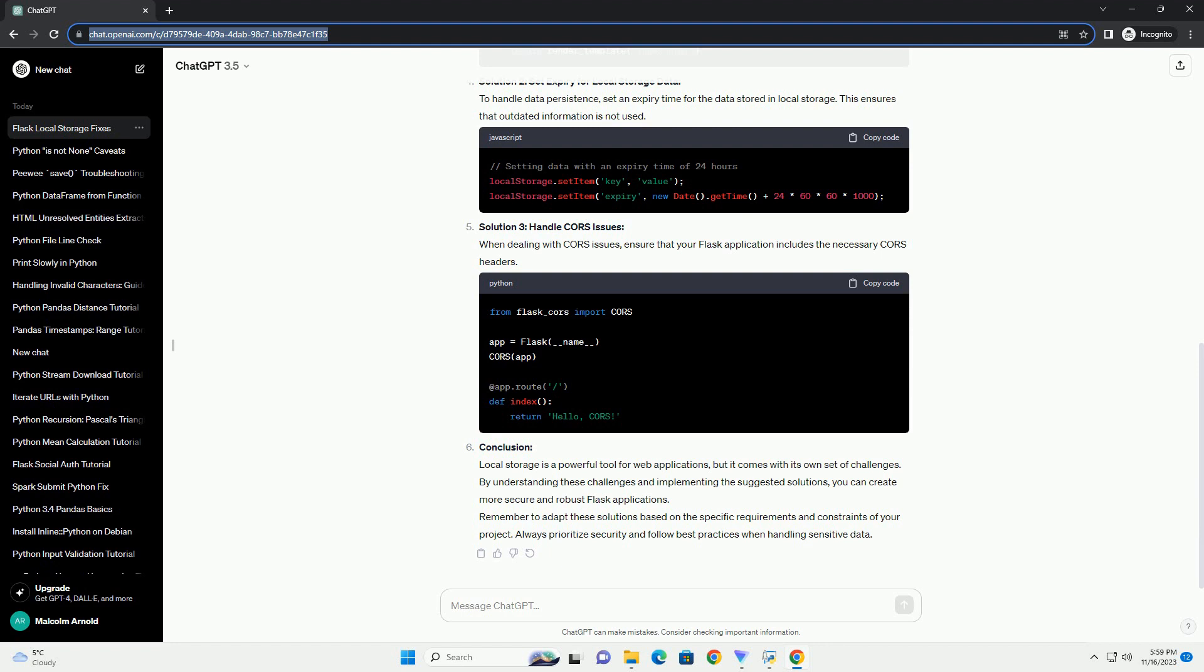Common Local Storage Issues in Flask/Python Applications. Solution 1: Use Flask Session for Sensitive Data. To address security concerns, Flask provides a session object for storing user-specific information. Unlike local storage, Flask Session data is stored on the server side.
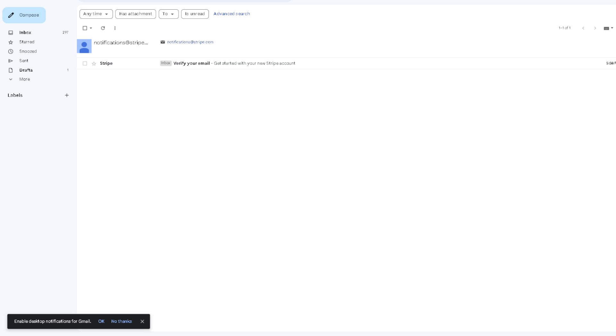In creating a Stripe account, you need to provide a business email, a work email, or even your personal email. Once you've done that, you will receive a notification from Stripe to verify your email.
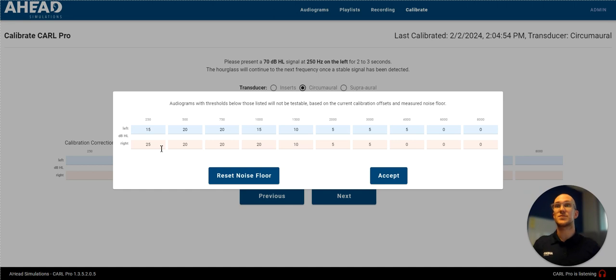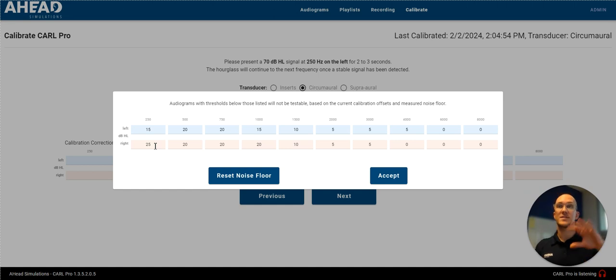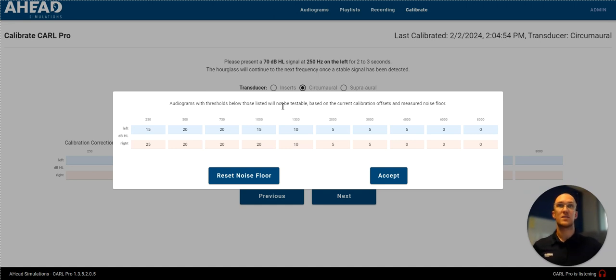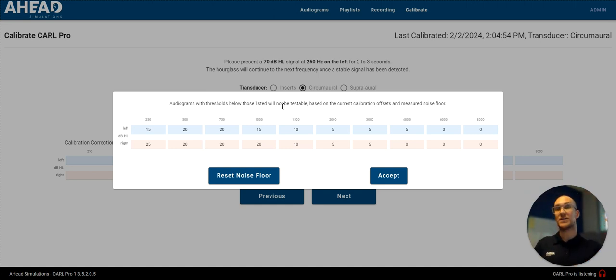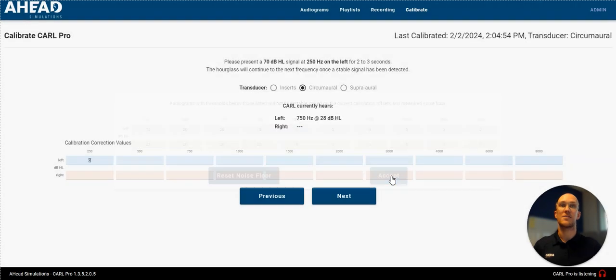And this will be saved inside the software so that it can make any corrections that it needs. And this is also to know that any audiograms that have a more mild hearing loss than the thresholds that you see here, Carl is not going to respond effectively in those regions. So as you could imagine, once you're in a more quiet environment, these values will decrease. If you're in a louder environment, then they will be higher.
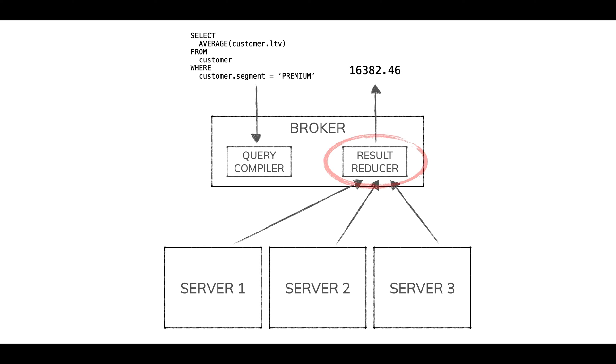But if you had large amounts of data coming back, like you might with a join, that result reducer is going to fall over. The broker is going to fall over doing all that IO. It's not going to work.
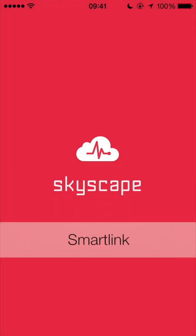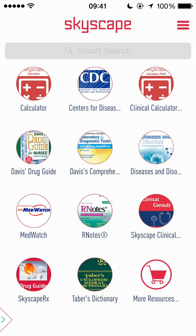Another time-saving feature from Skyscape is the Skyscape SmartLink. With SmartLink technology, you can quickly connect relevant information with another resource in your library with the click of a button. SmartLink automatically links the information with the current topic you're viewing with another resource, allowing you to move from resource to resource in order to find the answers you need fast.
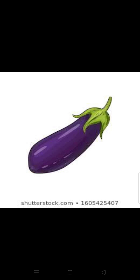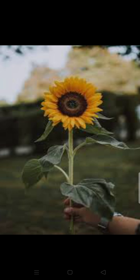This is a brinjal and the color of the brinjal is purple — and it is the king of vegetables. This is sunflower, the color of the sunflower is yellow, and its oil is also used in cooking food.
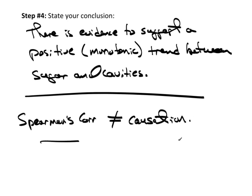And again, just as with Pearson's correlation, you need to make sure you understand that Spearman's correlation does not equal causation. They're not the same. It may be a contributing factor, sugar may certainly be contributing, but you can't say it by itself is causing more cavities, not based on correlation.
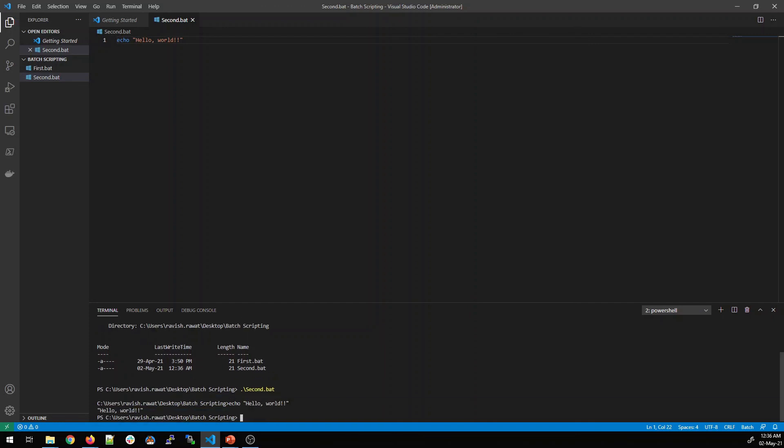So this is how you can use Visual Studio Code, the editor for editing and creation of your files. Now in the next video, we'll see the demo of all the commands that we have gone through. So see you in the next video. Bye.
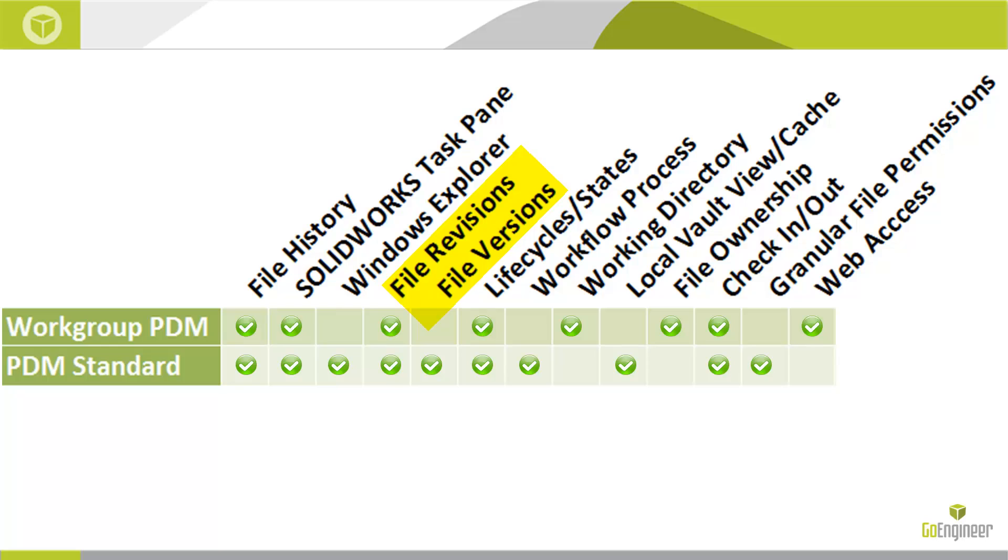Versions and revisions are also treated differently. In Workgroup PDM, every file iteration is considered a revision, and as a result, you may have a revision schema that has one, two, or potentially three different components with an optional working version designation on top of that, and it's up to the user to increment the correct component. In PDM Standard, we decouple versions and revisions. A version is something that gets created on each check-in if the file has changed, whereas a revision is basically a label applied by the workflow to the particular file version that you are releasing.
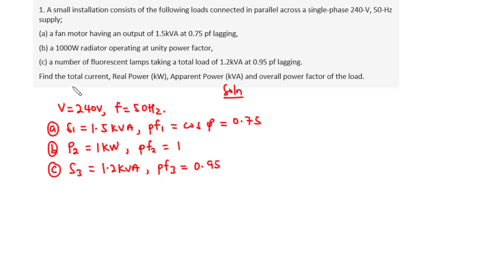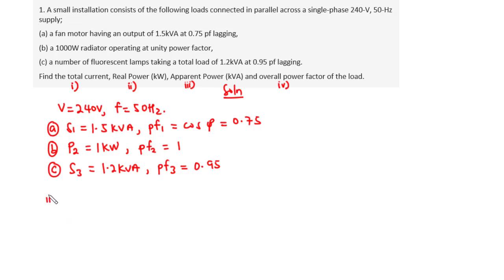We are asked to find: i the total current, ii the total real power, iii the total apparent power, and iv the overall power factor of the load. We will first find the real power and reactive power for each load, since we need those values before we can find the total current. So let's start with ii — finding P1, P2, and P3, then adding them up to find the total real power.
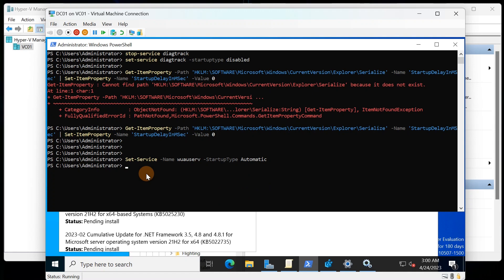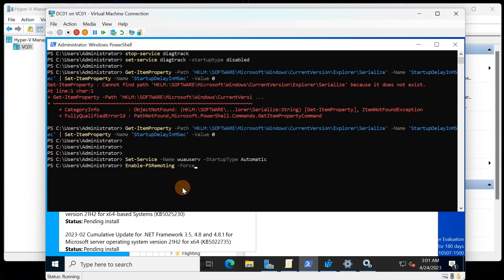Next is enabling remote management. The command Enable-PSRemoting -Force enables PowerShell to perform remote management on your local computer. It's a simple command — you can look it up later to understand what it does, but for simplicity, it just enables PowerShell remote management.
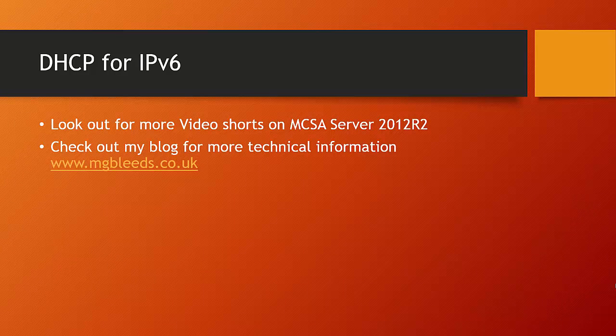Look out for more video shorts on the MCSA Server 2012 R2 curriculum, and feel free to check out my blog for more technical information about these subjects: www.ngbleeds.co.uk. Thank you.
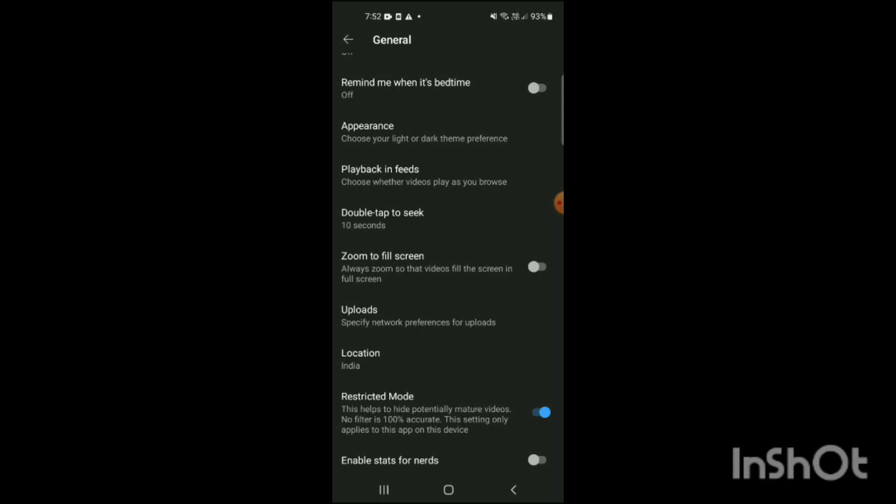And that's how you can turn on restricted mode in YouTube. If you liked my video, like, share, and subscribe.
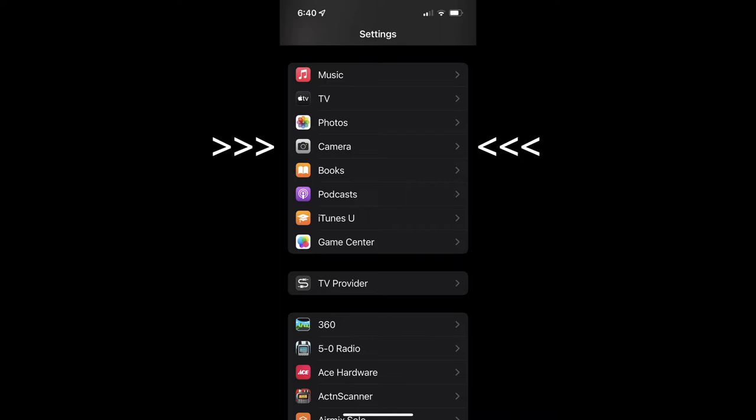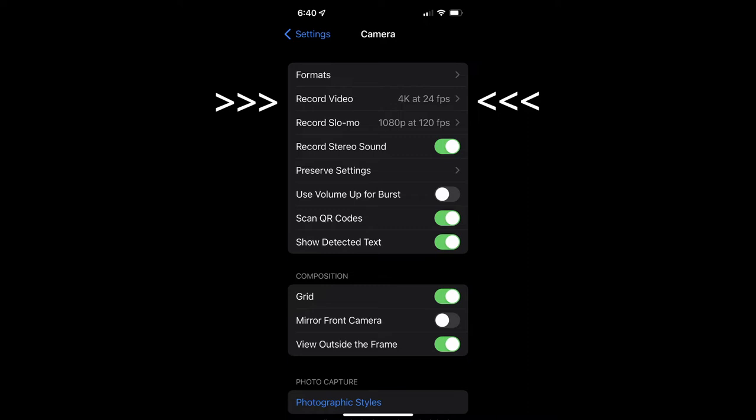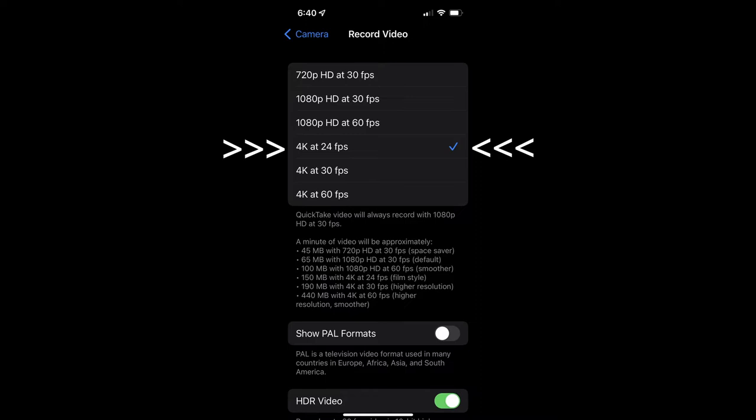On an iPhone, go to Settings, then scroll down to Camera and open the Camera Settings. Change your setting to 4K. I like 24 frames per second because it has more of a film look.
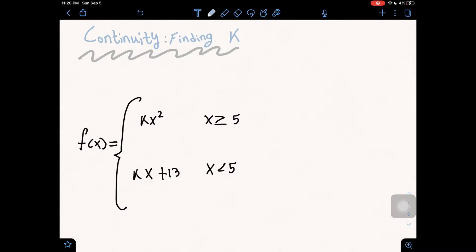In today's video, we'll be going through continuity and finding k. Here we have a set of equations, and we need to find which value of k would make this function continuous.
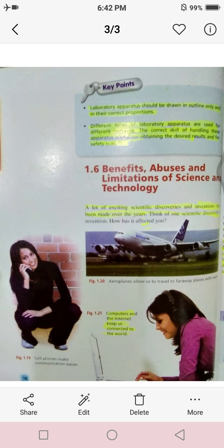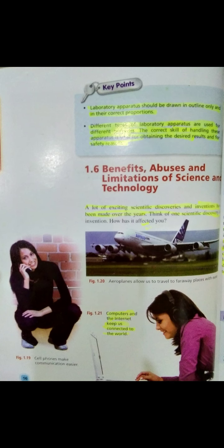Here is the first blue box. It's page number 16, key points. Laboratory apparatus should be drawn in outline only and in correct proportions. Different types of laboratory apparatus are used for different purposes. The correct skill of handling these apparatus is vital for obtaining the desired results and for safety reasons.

*WHAT IS BEING ASKED*
In the data above, retype only the stretch from the line with "So this is how" through the line with "In today's video, we'll", word for word, and skip any pictures.

*EXERCISE RESPONSE*
So this is how you can use Visual Studio Code, the editor for editing and creation of your files. Now in the next video, we'll see the demo of all the commands that we have gone through. So see you in the next video. Bye.
Versions and revisions are also treated differently. In Workgroup PDM, every file iteration is considered a revision, and as a result, you may have a revision schema that has one, two, or potentially three different components with an optional working version designation on top of that, and it's up to the user to increment the correct component. In PDM Standard, we decouple versions and revisions. A version is something that gets created on each check-in if the file has changed, whereas a revision is basically a label applied by the workflow to the particular file version that you are releasing.
We are asked to find: i the total current, ii the total real power, iii the total apparent power, and iv the overall power factor of the load. We will first find the real power and reactive power for each load, since we need those values before we can find the total current. So let's start with ii — finding P1, P2, and P3, then adding them up to find the total real power.
Next is enabling remote management. The command Enable-PSRemoting -Force enables PowerShell to perform remote management on your local computer. It's a simple command — you can look it up later to understand what it does, but for simplicity, it just enables PowerShell remote management.
Look out for more video shorts on the MCSA Server 2012 R2 curriculum, and feel free to check out my blog for more technical information about these subjects: www.ngbleeds.co.uk. Thank you.
And that's how you can turn on restricted mode in YouTube. If you liked my video, like, share, and subscribe.
On an iPhone, go to Settings, then scroll down to Camera and open the Camera Settings. Change your setting to 4K. I like 24 frames per second because it has more of a film look.
In today's video, we'll be going through continuity and finding k. Here we have a set of equations, and we need to find which value of k would make this function continuous.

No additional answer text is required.